> Work order: For the material below, the expected output is exactly the lines between the line holding "A smiling child" and the line holding "Detailed quad-grid view", inclusive, with pictures left out.

> Recorded data:
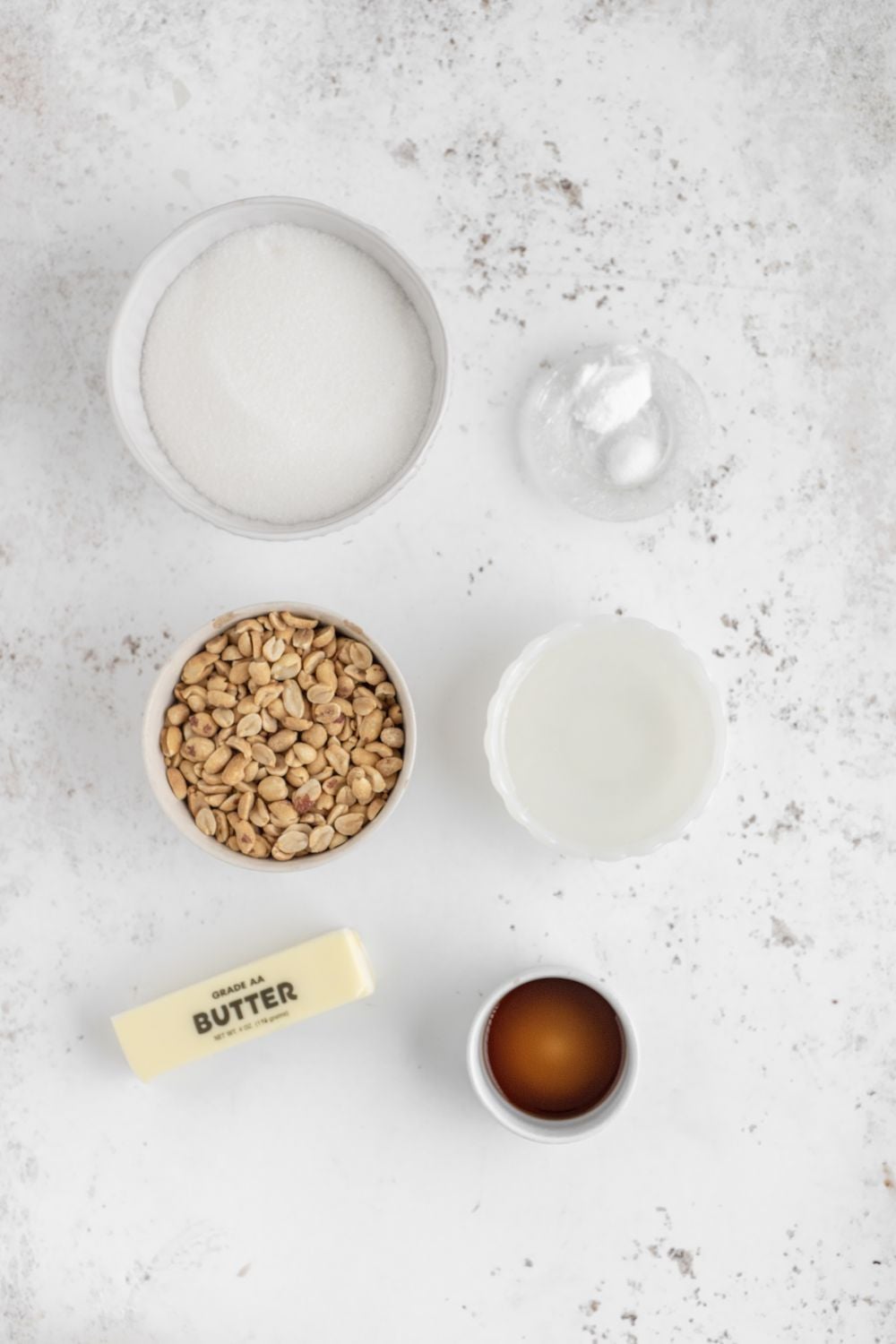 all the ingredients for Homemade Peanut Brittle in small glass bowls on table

--

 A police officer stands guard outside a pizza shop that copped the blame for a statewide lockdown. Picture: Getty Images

==

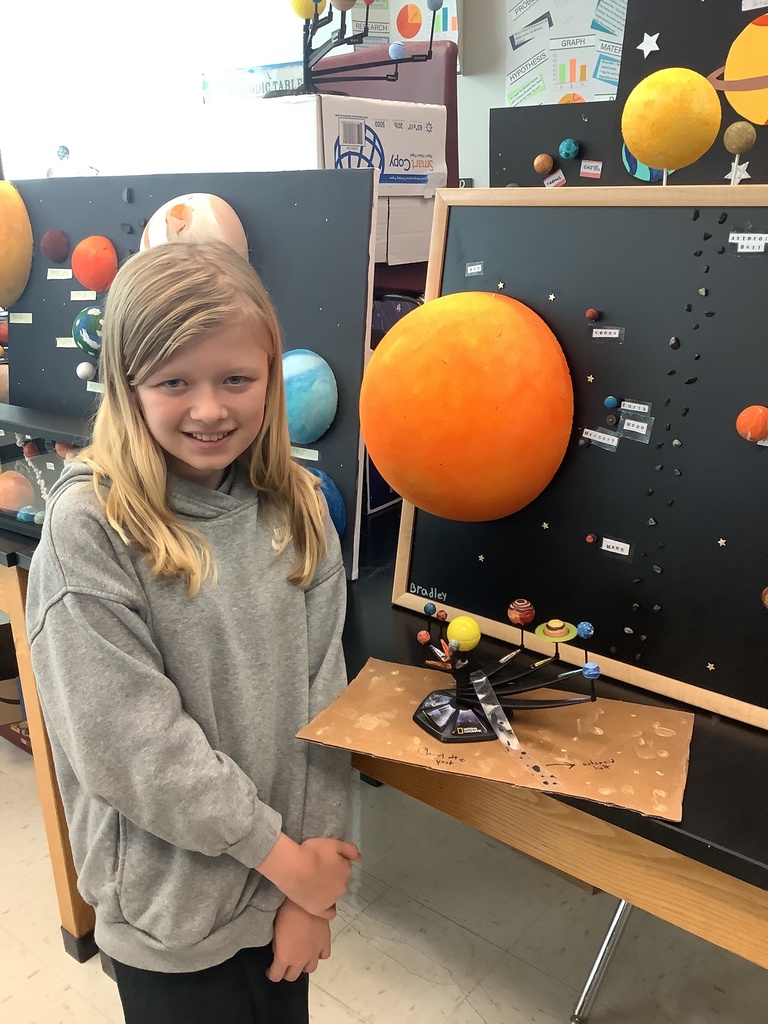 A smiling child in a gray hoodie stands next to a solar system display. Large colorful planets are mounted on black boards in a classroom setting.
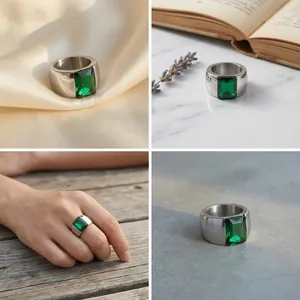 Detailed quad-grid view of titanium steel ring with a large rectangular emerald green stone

> Output below:
 A smiling child in a gray hoodie stands next to a solar system display. Large colorful planets are mounted on black boards in a classroom setting.
 Detailed quad-grid view of titanium steel ring with a large rectangular emerald green stone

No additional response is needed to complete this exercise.